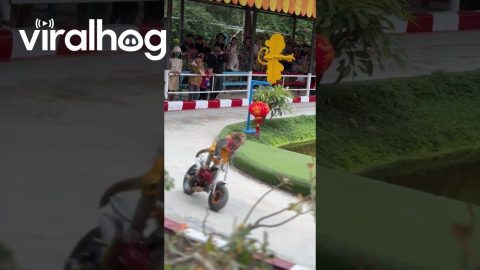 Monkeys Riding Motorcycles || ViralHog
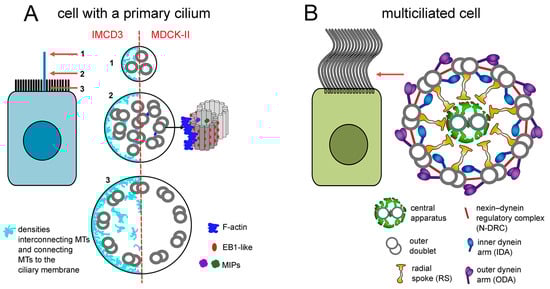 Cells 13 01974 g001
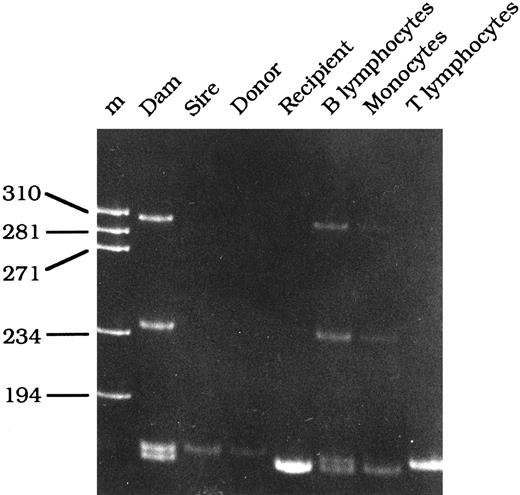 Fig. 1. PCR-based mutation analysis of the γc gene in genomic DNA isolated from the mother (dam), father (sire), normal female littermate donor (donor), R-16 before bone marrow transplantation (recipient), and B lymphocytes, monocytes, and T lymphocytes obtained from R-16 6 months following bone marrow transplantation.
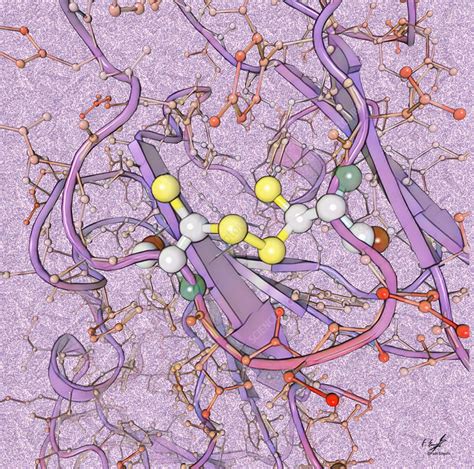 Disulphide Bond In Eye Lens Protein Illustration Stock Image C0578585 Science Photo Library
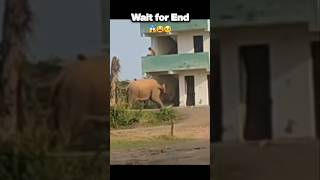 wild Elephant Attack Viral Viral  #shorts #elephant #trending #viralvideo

══════════

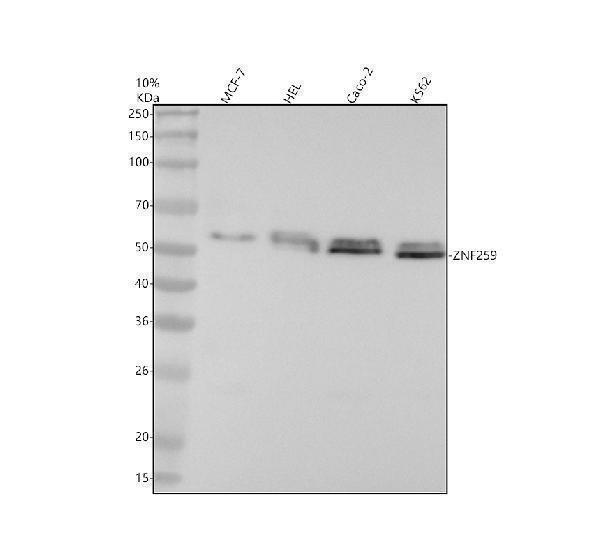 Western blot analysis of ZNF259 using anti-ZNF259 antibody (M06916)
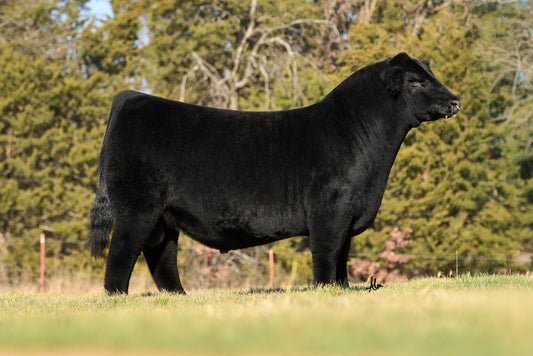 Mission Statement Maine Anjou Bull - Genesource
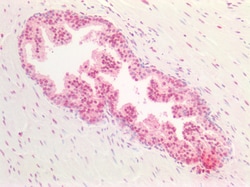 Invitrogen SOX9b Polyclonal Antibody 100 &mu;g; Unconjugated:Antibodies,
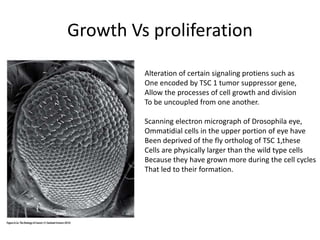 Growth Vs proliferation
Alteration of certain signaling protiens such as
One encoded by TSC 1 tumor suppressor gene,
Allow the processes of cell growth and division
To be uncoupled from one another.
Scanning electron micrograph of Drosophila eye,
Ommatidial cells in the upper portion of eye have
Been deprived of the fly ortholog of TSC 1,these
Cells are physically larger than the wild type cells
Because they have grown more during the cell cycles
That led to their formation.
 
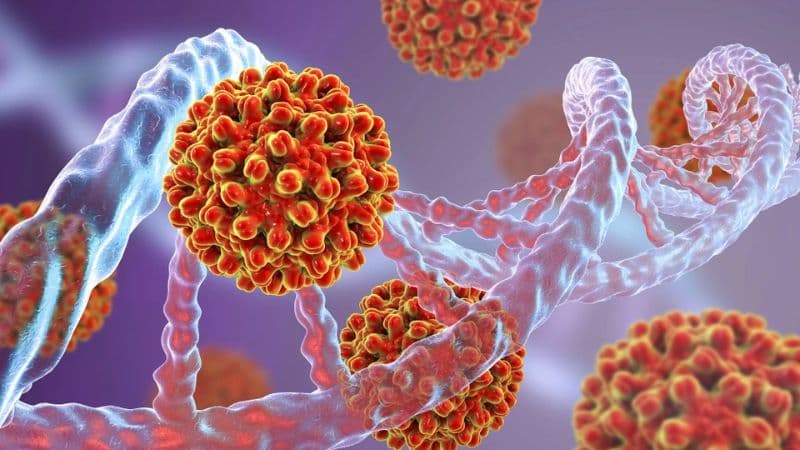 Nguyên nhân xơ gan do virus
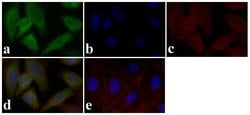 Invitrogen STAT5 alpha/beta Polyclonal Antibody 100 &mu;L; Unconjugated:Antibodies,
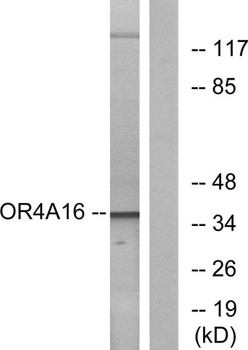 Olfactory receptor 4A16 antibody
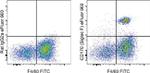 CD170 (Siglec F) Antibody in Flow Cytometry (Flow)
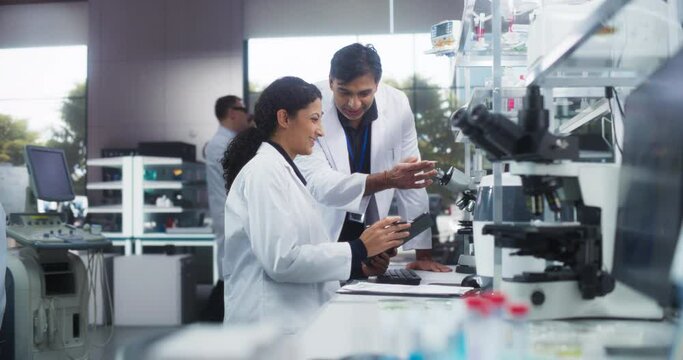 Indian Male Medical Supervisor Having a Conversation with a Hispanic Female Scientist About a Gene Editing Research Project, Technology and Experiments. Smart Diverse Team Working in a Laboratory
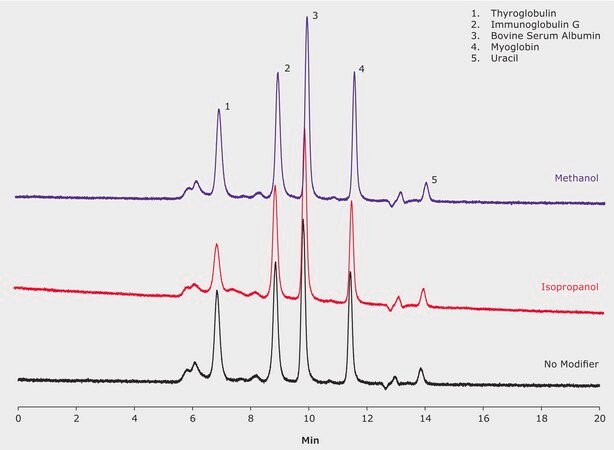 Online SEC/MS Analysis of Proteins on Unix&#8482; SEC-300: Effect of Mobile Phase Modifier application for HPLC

══════════

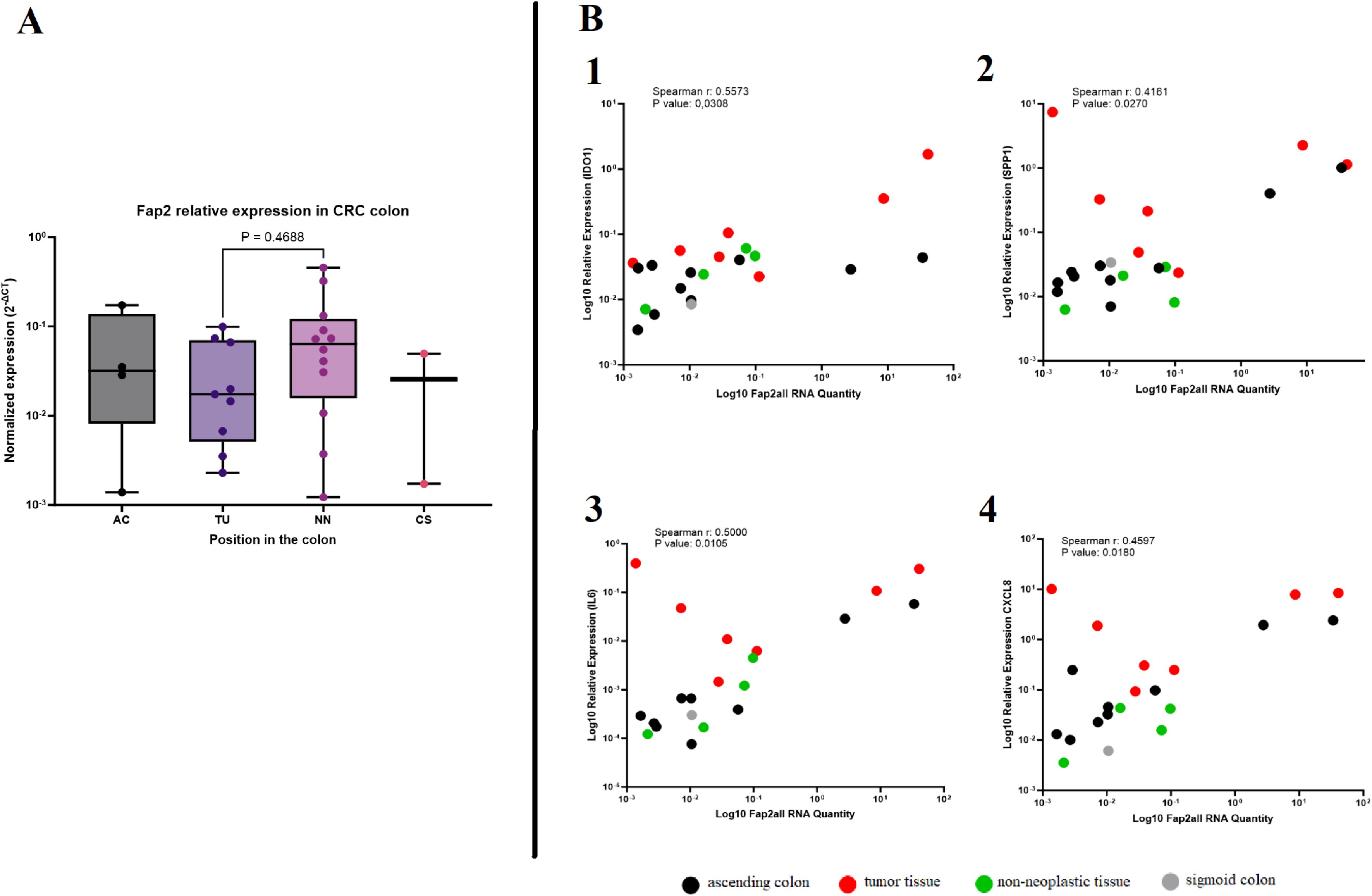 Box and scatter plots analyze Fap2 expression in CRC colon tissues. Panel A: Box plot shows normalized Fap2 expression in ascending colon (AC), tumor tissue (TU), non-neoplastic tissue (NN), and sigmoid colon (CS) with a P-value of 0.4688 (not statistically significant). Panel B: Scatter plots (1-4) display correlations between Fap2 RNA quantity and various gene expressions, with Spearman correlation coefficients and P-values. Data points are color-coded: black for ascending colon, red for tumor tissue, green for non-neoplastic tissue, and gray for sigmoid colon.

══════════

TASK ITEM: Everything above from the line with "Monkeys Riding Motorcycles || ViralHog" through the line with "wild Elephant Attack" should be retyped exactly, and nothing else; omit pictures.

RESULT OF THE TASK:
 Monkeys Riding Motorcycles || ViralHog
 Cells 13 01974 g001
 Fig. 1. PCR-based mutation analysis of the γc gene in genomic DNA isolated from the mother (dam), father (sire), normal female littermate donor (donor), R-16 before bone marrow transplantation (recipient), and B lymphocytes, monocytes, and T lymphocytes obtained from R-16 6 months following bone marrow transplantation.
 Disulphide Bond In Eye Lens Protein Illustration Stock Image C0578585 Science Photo Library
 wild Elephant Attack Viral Viral  #shorts #elephant #trending #viralvideo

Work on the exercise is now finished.